The Sporting Gijon coach driver puffed heavily on a cigarette as he recalled his 860km journey to Barcelona.

"Eleven hours," he said, shaking his head as he remembered a drive he did not know he would be doing when he woke up that morning.

He was called into action because all over Spain, teams were grounded by an impromptu air traffic controllers' strike.

And as the bus driver knows only too well, Spain is a big country. Gijon to Barcelona is a long drive and Sporting Gijon's reward was a defeat by Espanyol.

It takes 14 hours to drive between Barcelona and La Coruna, much the same between the many Andalusian and northern clubs. Mallorca requires a ferry and the teams in the Canaries Islands are a 24-hour boat trip from the mainland. Las Palmas took 27 hours to reach their game at Celta Vigo, where they lost.

All over Spain, footballers woke on Saturday morning expecting to take a flight but quickly saw their plans changed.

Racing Santander's players made a 960km journey to Malaga by coach and train and lost their game. Sevilla made a seven-hour journey to Villarreal and were also defeated.

Barcelona faced a more pressing issue. Planned for Saturday morning was a flight to Pamplona for a league tie with Osasuna that night. Under Pep Guardiola, Barca have flown to games on the day of the match rather than stay in a hotel the night before as was the norm before 2008.

Then, Guardiola rightly argued that with European football, his charges play away so much that they would never see their families if they stayed in a hotel before every game. The system has worked well, until Saturday.

The Barca players initially headed to the airport, then back to Camp Nou thinking the game was postponed until 1.30pm on Sunday. Critics accused Barca of not being prepared to travel unless it was by plane, but Barca were prepared to travel - it was Spain's airport authority which misled them initially by telling them they could fly.

Barca were then informed that the Spanish Football Association (FA) had changed its mind, stating at 3pm that they had to play the game that night.

The scheduled kick-off was 8pm and Pamplona is a five-hour drive from Barcelona. They suffered worse when April's volcanic ash cloud meant they drove 14 hours to Milan, but at least they had three days to make that journey.

With the FA insisting that the game had to go ahead and Barca standing to lose three points, the players rushed to the train station for a fast train to Zaragoza, where a coach exceeded the speed limit for the final two-hour drive to Pamplona.

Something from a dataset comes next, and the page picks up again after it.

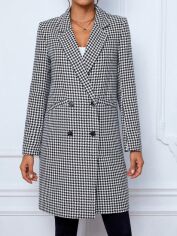 Акція на Пальто жіноче SHEIN GD-00159756 L-Tall Різнокольорове від Rozetka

It arrived at the stadium at two minutes after the scheduled kick-off time. The game started at 8.45pm, 45 minutes later than scheduled. Guardiola was justifiably angry, saying: "The federation told us that if we could not fly to the game it would be postponed. I have no power over when the games are played. They obliged us to come at this hour and we did."

The Spanish FA have come under justified criticism recently after switching el clasico to a Monday night two weeks before the fixture.

But unlike the other troubled travellers, Barca were unfazed by their marathon, Lionel Messi scoring twice in a 3-0 win which keeps them top.